[Stored items from a collection]
------------------------

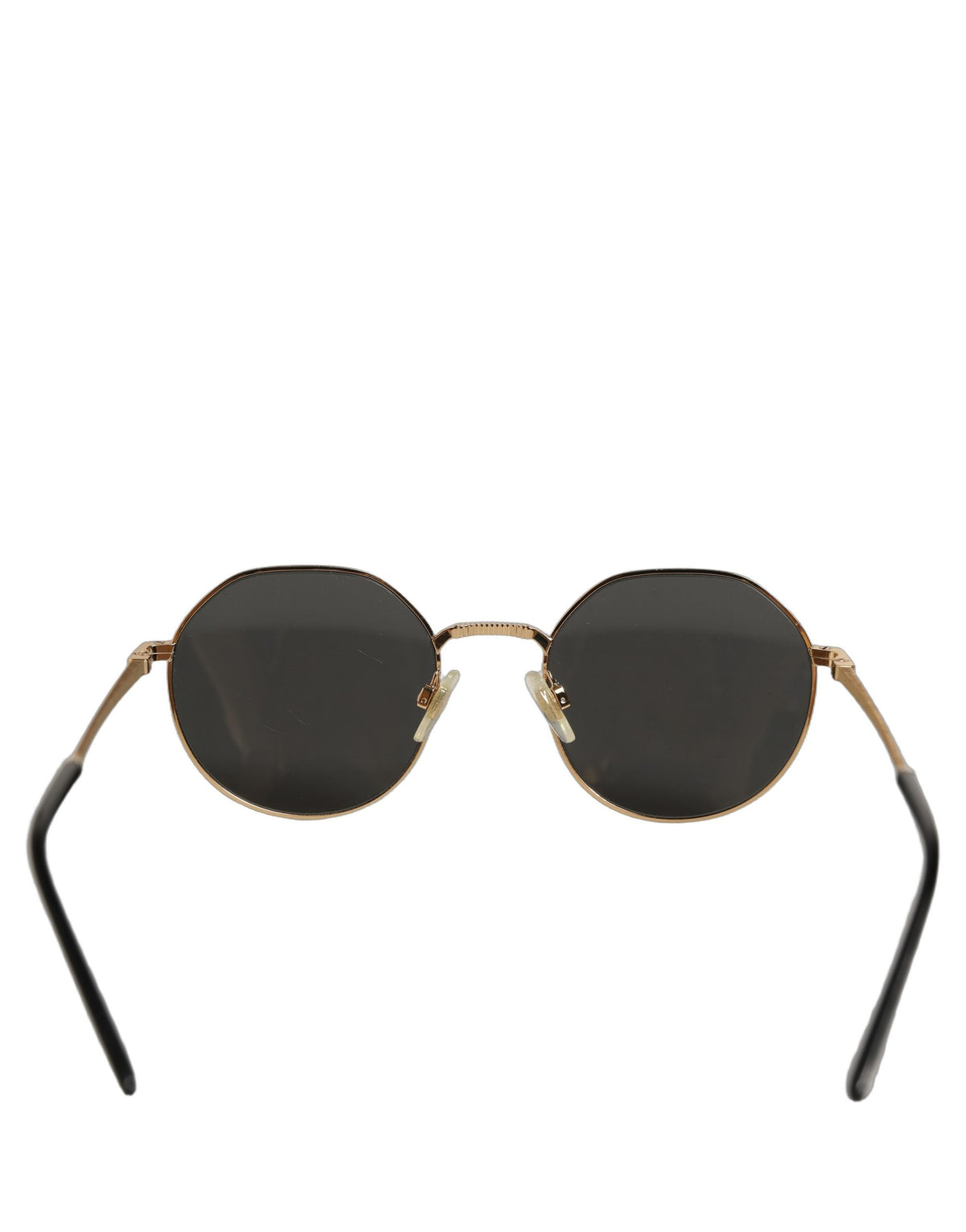 Dolce & Gabbana Gold Toned Metal Frame DG2286 Round Eyewear Sunglasses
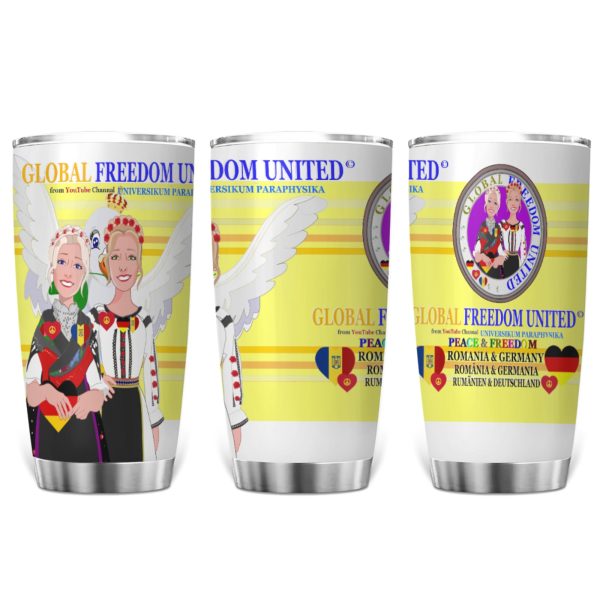 Tumbler Global Freedom United Women Romania & Germany Old Peace Yellow For Cheap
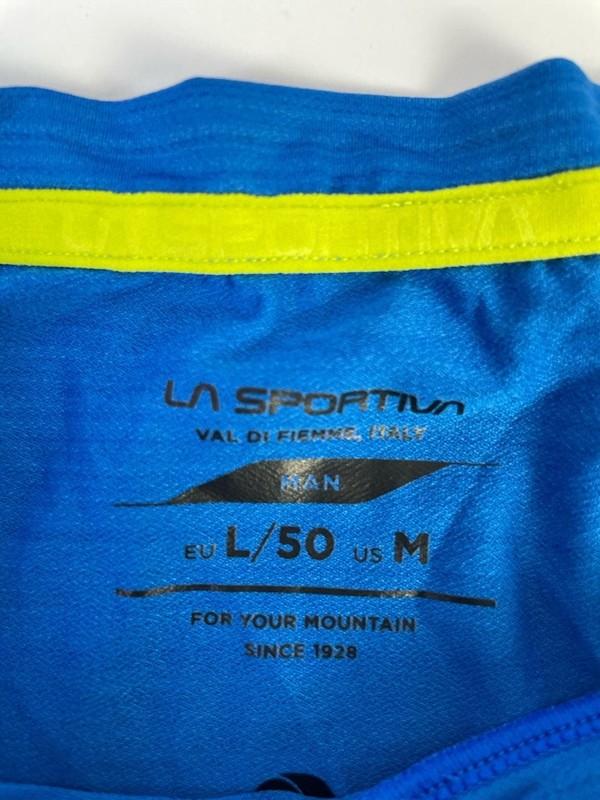 La Sportiva Tour Long Sleeve Men's Baselayer Shirt - Blue/Yellow gallery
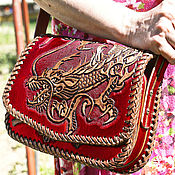 Сумки и аксессуары handmade. Livemaster - original item Handbag female leather. Handmade.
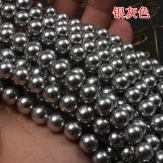 Wholesale Natural Silver gray Shell Pearl Round Loose Beads For Jewelry Making Choker Making Diy Bracelet Jewellery 2/3/4/6/8/mm 15''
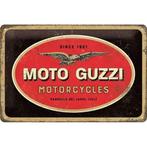 Moto Guzzi Mororcycles relief reclamebord van metaal deco, Ophalen of Verzenden, Nieuw, Auto's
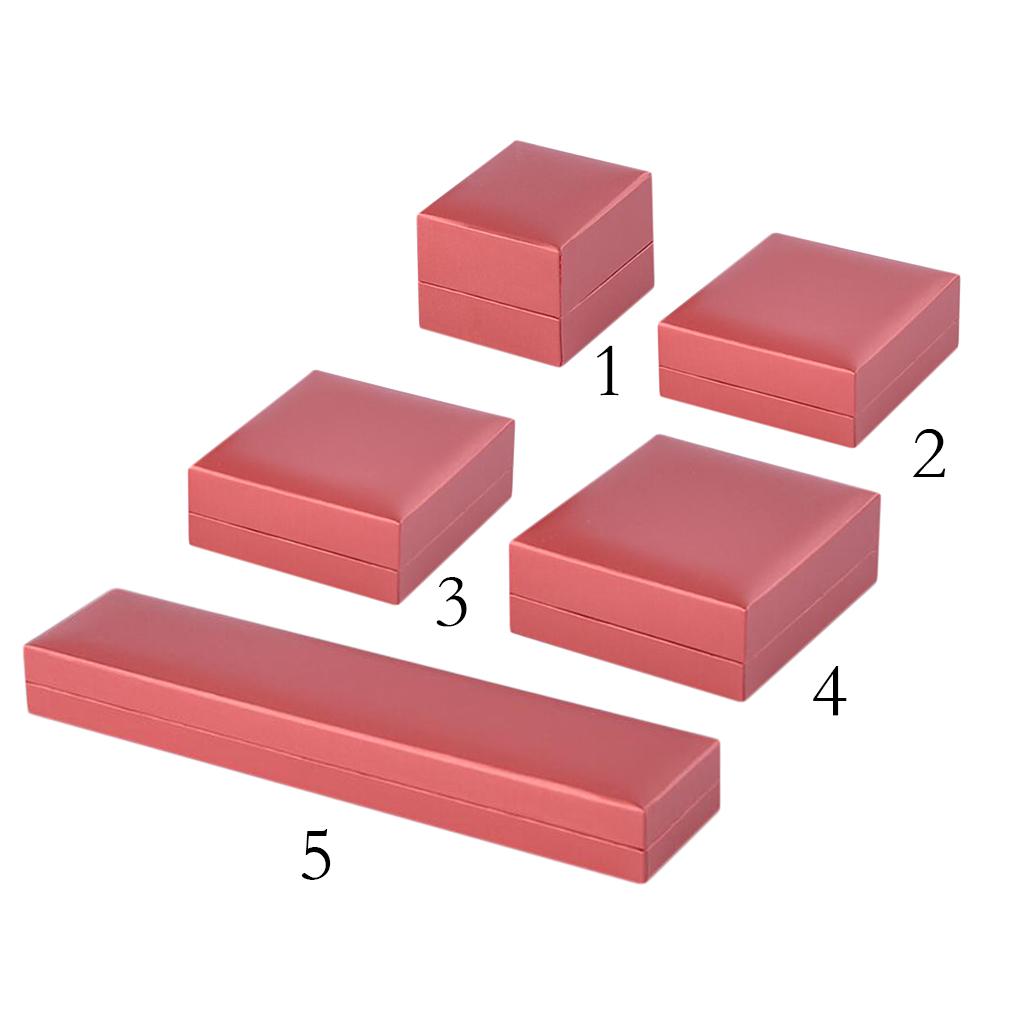 Ring Packaging Box Ring Storage Box for Gifts Bright Red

------------------------

## YOUR OBJECTIVE:
Only exact duplicates of the lines from the one containing "La Sportiva Tour" through the final line of the entries, both included, are needed, with pictures left out.

## OUTPUT:
 La Sportiva Tour Long Sleeve Men's Baselayer Shirt - Blue/Yellow gallery
 Сумки и аксессуары handmade. Livemaster - original item Handbag female leather. Handmade.
 Wholesale Natural Silver gray Shell Pearl Round Loose Beads For Jewelry Making Choker Making Diy Bracelet Jewellery 2/3/4/6/8/mm 15''
 Moto Guzzi Mororcycles relief reclamebord van metaal deco, Ophalen of Verzenden, Nieuw, Auto's
 Ring Packaging Box Ring Storage Box for Gifts Bright Red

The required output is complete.